§ Supplied information

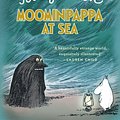 Cover Art for 9780141334394, Moominpappa at Sea by Tove Jansson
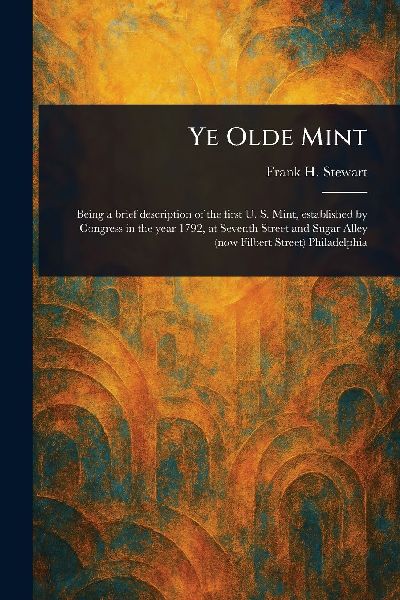 Ye Olde Mint
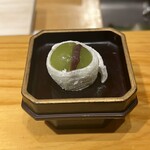 三軒茶屋 鮨かんてら - 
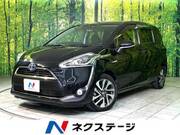 2016 TOYOTA SIENTA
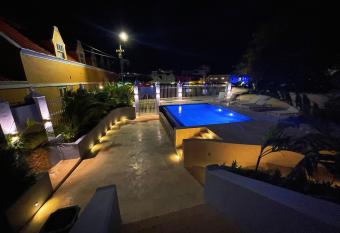 Atelier Skalo Boutique Hotel allows 18 year olds to book a room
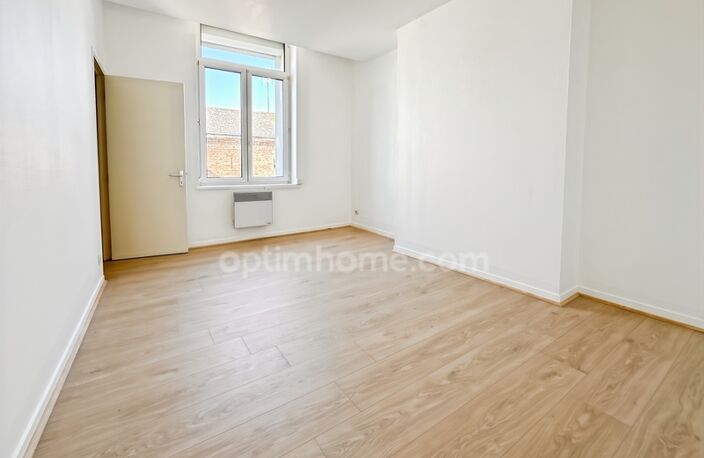 SPÉCIAL INVESTISSEUR – 6 LOGEMENTS EN CENTRE-VILLE – 5 T2 RÉNOVÉS + MAISON AVEC GARAGE – RENTABILITÉ ATTRACTIVE — photo 4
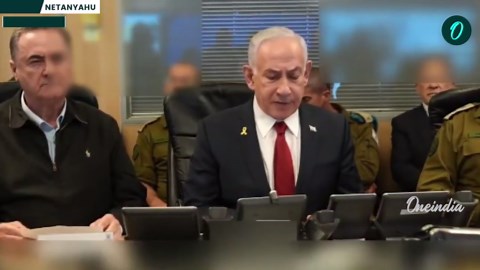 Two years after October 7th: Gaza in ruins, the world still reeling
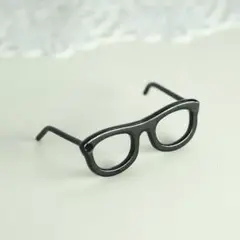 シルバニアファミリー用　ミニチュア　眼鏡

§ Task directions
Output all the material exactly. The pictures are to be left out.

§ Output of the exercise
 Cover Art for 9780141334394, Moominpappa at Sea by Tove Jansson
 Ye Olde Mint
 三軒茶屋 鮨かんてら - 
 2016 TOYOTA SIENTA
 Atelier Skalo Boutique Hotel allows 18 year olds to book a room
 SPÉCIAL INVESTISSEUR – 6 LOGEMENTS EN CENTRE-VILLE – 5 T2 RÉNOVÉS + MAISON AVEC GARAGE – RENTABILITÉ ATTRACTIVE — photo 4
 Two years after October 7th: Gaza in ruins, the world still reeling
 シルバニアファミリー用　ミニチュア　眼鏡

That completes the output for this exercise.